Attendu depuis plusieurs semaines, ce dispositif marque une évolution notable : il associe directement les deux parties au conflit, aux côtés d’observateurs internationaux, dans le suivi de la trêve.
Selon plusieurs sources concordantes, ce mécanisme s’inscrit dans la continuité du processus engagé à Doha le 14 octobre 2025, avec la signature d’un accord de cessez-le-feu, puis renforcé par l’adoption, le 2 février 2026, des termes de référence encadrant sa mise en œuvre.
Concrètement, la structure reposera sur une composition paritaire : trois officiers des Forces armées de la République démocratique du Congo et trois représentants de l’AFC/M23, appuyés par la Mission de l’Organisation des Nations unies pour la stabilisation en République démocratique du Congo (Monusco). Leur mandat couvrira à la fois le suivi de la situation sécuritaire et humanitaire, ainsi que la vérification des violations du cessez-le-feu, notamment les attaques de drones.

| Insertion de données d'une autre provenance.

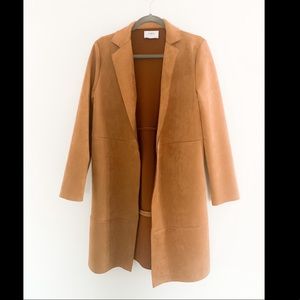 ZARA Camel Coat Faux Suede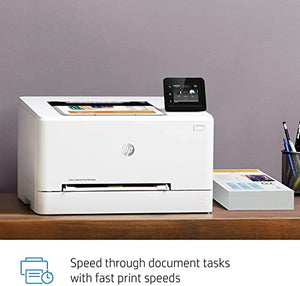 HP Color Laserjet Pro M255dw Wireless Laser Printer-Remote Mobile Print, Auto 2-Sided Printing，22 ppm, 250-Sheet，Compatible with Alexa, White-Bundle with Ahaghug Printer Cable.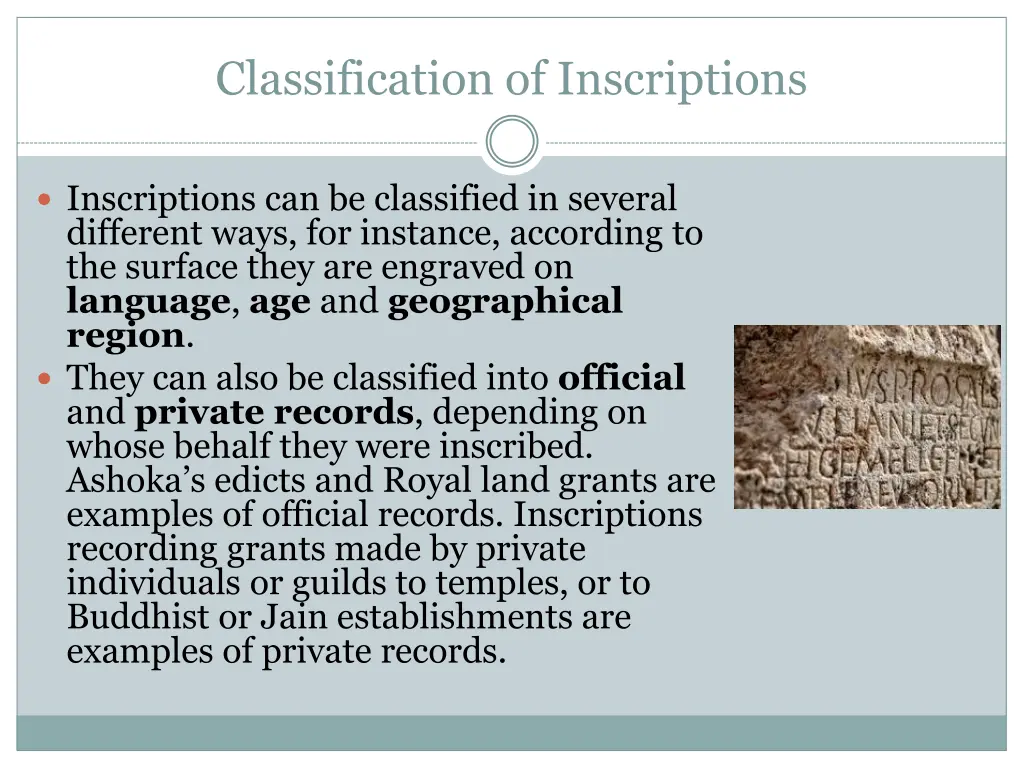 classification of inscriptions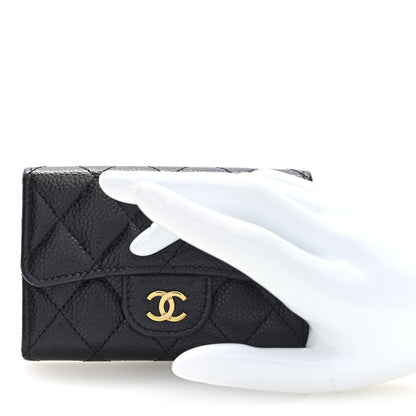 Chanel Caviar Quilted Flap Card Holder Wallet Black 2 of 7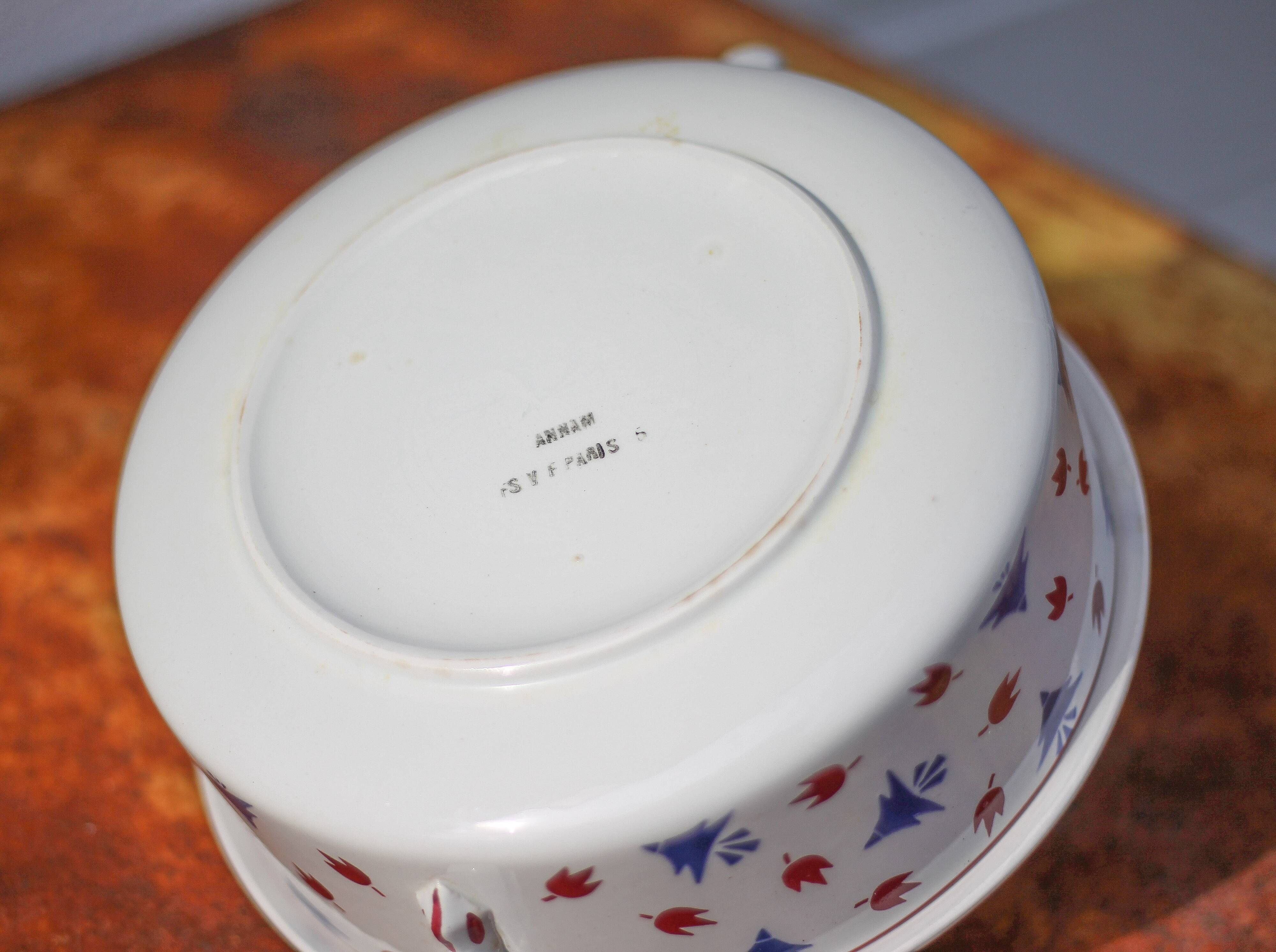 VF Paris Annam porcelain soup tureen, porcelain vegetable bowl
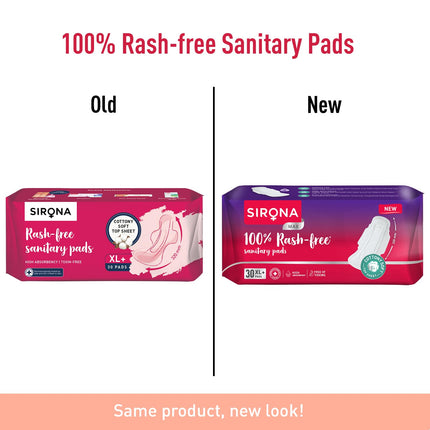 Sirona Max Sanitary Pads for Women | XL Plus (Pack of 30 Pads)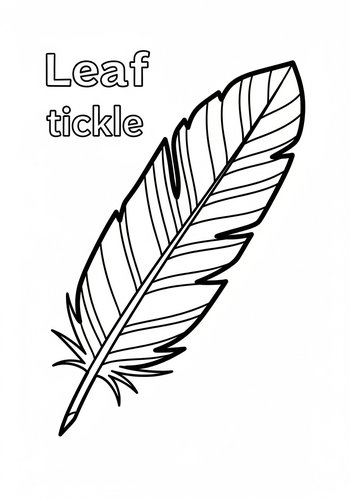 Leaf Tickle Coloring Page - Fun & Relaxing Art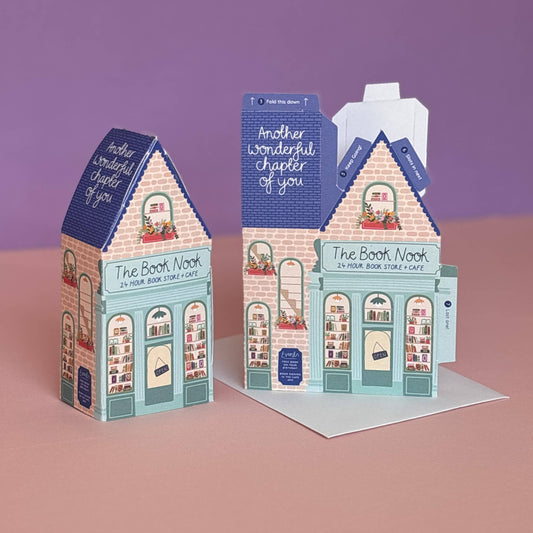 Two For Joy Illustration - Book Nook Birthday Card – 3D Slot Together Card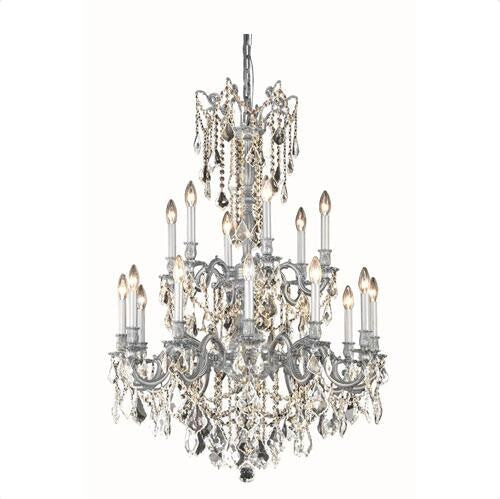Pewter Chandelier with Royal Cut Crystal - Image 1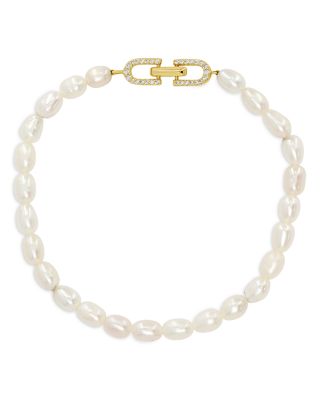 JACKIE MACK DESIGNS - Arcadia Pav&eacute; & Cultured Freshwater Pearl Flex Bracelet in 18K Gold Plated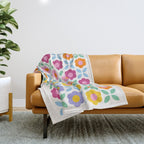 Retro Flower Pattern #2  Throw Blanket Gallery Image 1
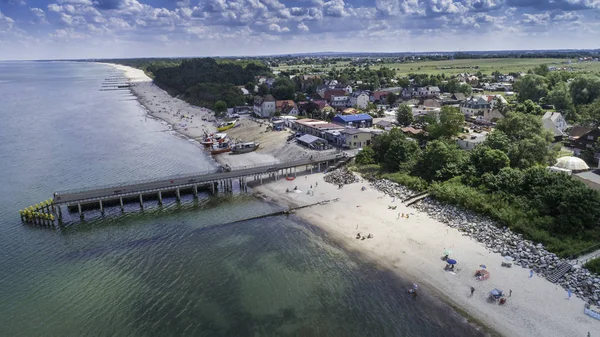 Fiskebåtar Stående Stranden Hamnen Och Sommarsemester Ort Chlop — Stockfoto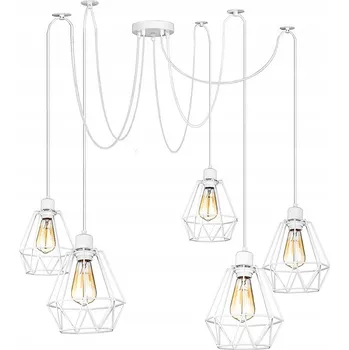 Závěsné svítidlo pavouk lustr bílý 5 stínidel premium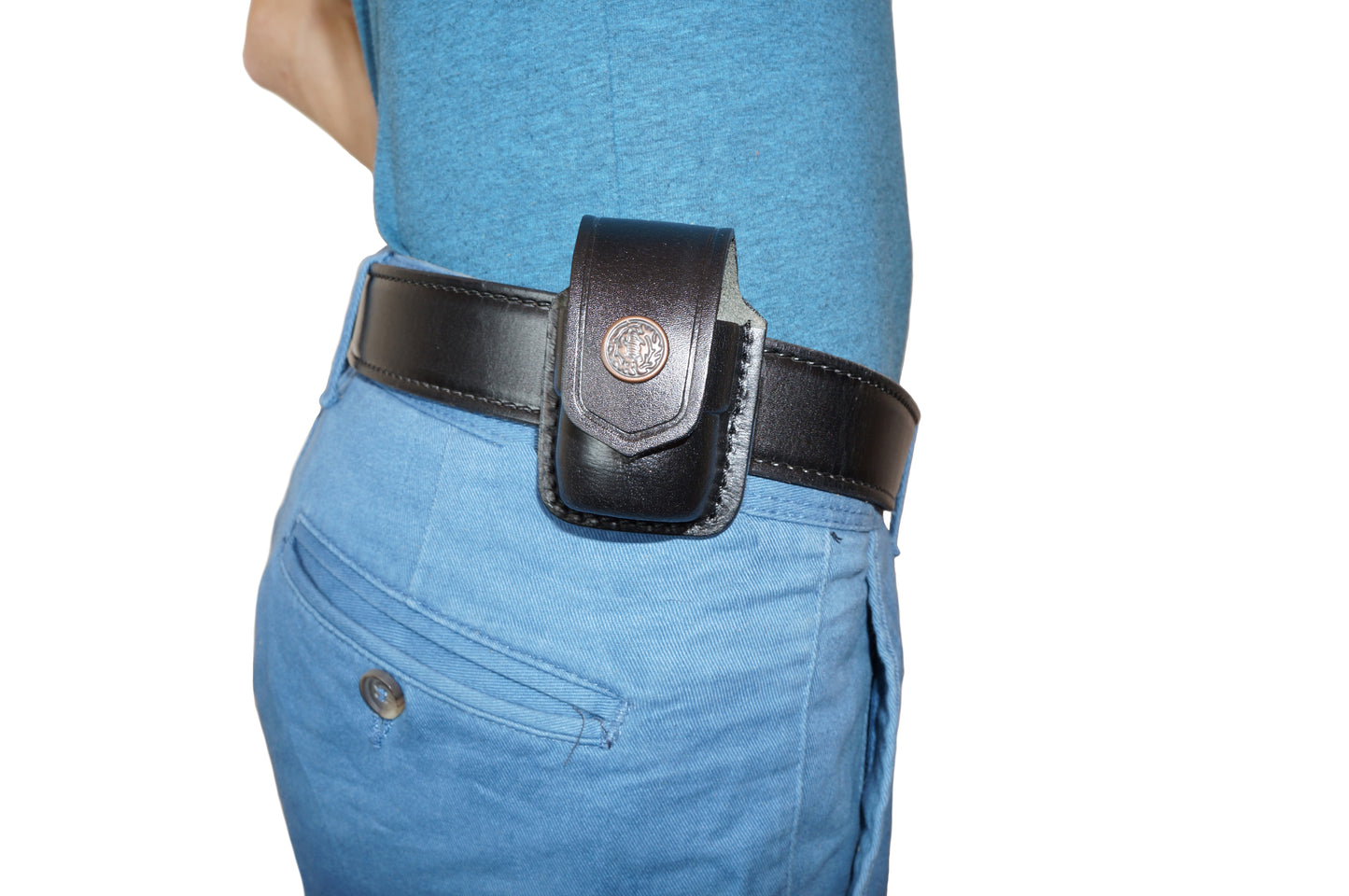 357 Magnum Pancake Leather Holster, Thumb Break 2 Slot Open-end RH & Single Speedloader Case Handmade! (ALIS30637)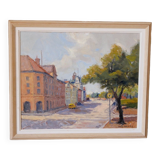Gustav Berlin, Swedish Modern Landscape, Oil on Panel, 1962, Framed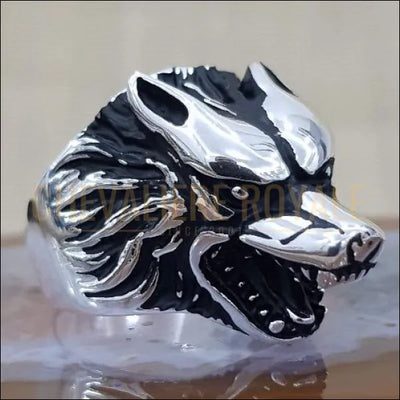 chevaliere homme argent tete de loup hurlant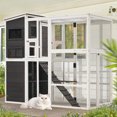 thumbnail image 5 of AECOJOY Catio Cat House Outdoor Cat cage Catio Enclosure for Cats Clearance Pet House, Grey, 5 of 13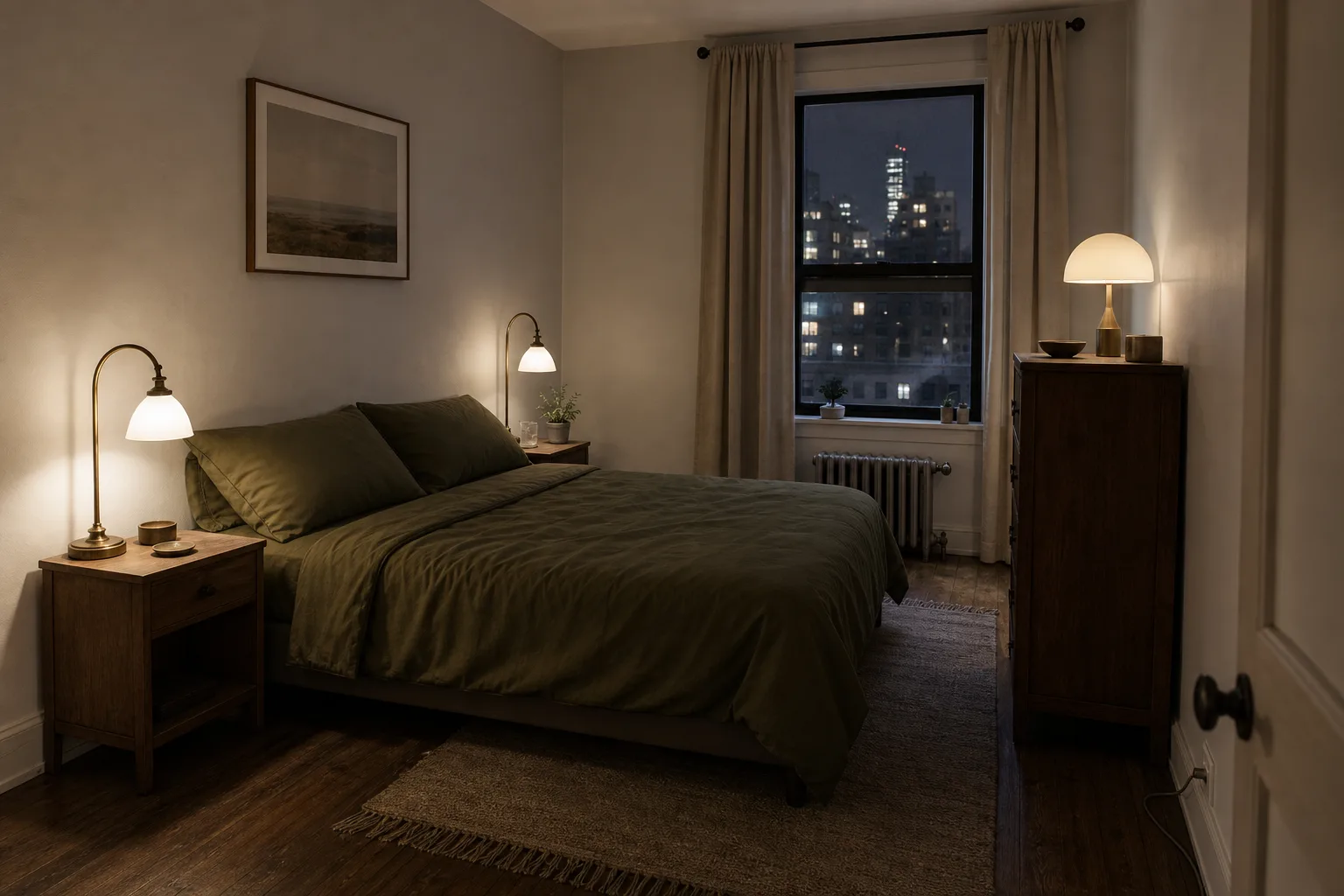 Finished moody rental bedroom at night with warm pools of light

Si les règles de fonctionnement avaient été fixées en février, la signature en Suisse formalise désormais l’existence de cet outil. Une incertitude demeure toutefois quant à son déploiement effectif : aucune date n’a encore été avancée pour son opérationnalisation sur le terrain.
Jusqu’ici, le mécanisme de suivi était essentiellement porté par la Conférence internationale sur la région des Grands Lacs (CIRGL), dont le mandat limite l’implication directe des groupes armés. L’intégration de l’AFC/M23 dans ce nouveau dispositif constitue ainsi un changement de paradigme dans la gestion du cessez-le-feu.